Non solo: focalizzando l’attenzione sul suo partito – che deve essere “costruito” in modo da evitare nuovi “inciampi”, come quello verificatosi in occasione dell’elezione del presidente della Repubblica – Enrico Letta ha ammonito: “Basta fare i fighetti. Cercare l’applauso individuale con un tweet o su facebook non basta più”. “Partito e governo sono sulla stessa barca – ha marcato il premier – Se falliamo, saremo travolti tutti insieme e con noi l’Italia”.

“Dobbiamo essere più aggressivi sulle riforme costituzionali e rimandare al mittente le accuse – ha aggiunto Letta con evidente riferimento all’ostruzionismo annunciato dal Movimento 5 Stelle – Stiamo cercando di rendere la Costituzione più moderna. Abbiamo un sistema che non decide e dobbiamo rivendicare che al Senato è stato già approvato il ddl di istituzione della commissione”.

“Io ce la metto tutta e penso che ce la possiamo fare – ha continuato il presidente del Consiglio – E non dico soltanto il governo o soltanto il Pd, che sarebbe già tanto, ma tutti. Se non ci fermiamo davanti alla prima difficoltà, ce la possiamo fare”. “Adesso siamo in montagna, ma se portiamo a termine quel che abbiamo messo in moto, a cominciare dal pagamento dei debiti della Pa – ha concluso Letta – a fine anno vedremo la pianura”.
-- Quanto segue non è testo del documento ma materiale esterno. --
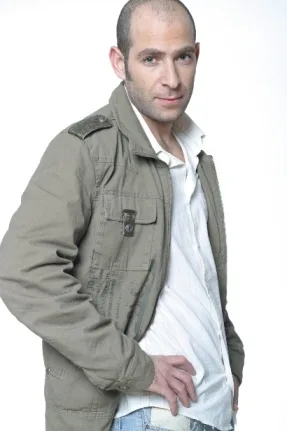 Rudi Saada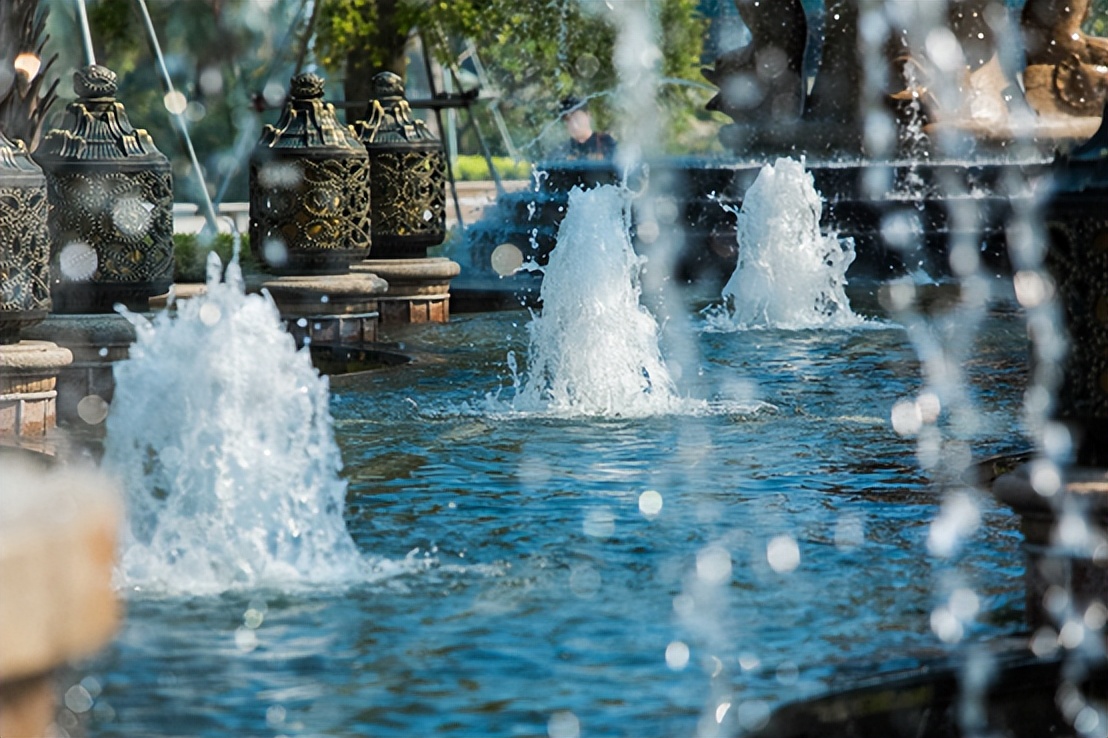 恒大温泉小镇天水预售价,天水恒大温泉小镇最新楼盘房价
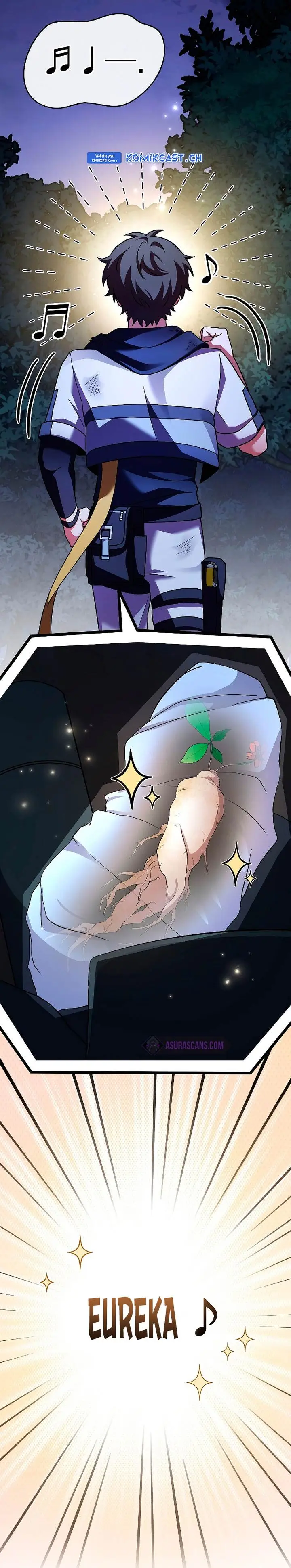 image-komik-the-novels-extra-chapter-84-26/62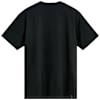 alpinestars_casual-wear_t-shirt_dot-carbon-short-sleeve-csf_black_detail1.jpg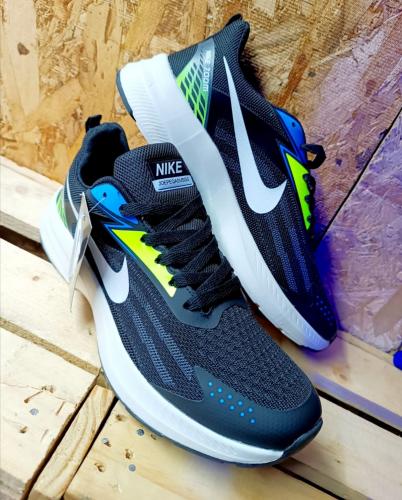 Gym Trainers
A fare da “controcanto” all'”assolo” del premier è stato, tra gli altri, il “renziano” Paolo Gentiloni, che ha stigmatizzato l’overdose di “compromessi” (molti dei quali, a suo giudizio, evitabili) che il partito ha dovuto sopportare per non “guastare” la faticosa alleanza col Pdl. E in mattinata, era stata anche Rosy Bindi a dare voce al suo personale scontento: Il presidente del Consiglio non deve chiedere al Pd prove di sangue tutte le mattine – ha tagliato corto la democratica – Nessuno gli nega il sostegno, ma deve lasciare che il partito svolga la sua fase congressuale e la sua elaborazione di cambiamento perché non conviene a nessuno che, una volta finita questa fase di necessità – ha sottolineato Rosy Bindi – ci siano le macerie delle forze politiche”.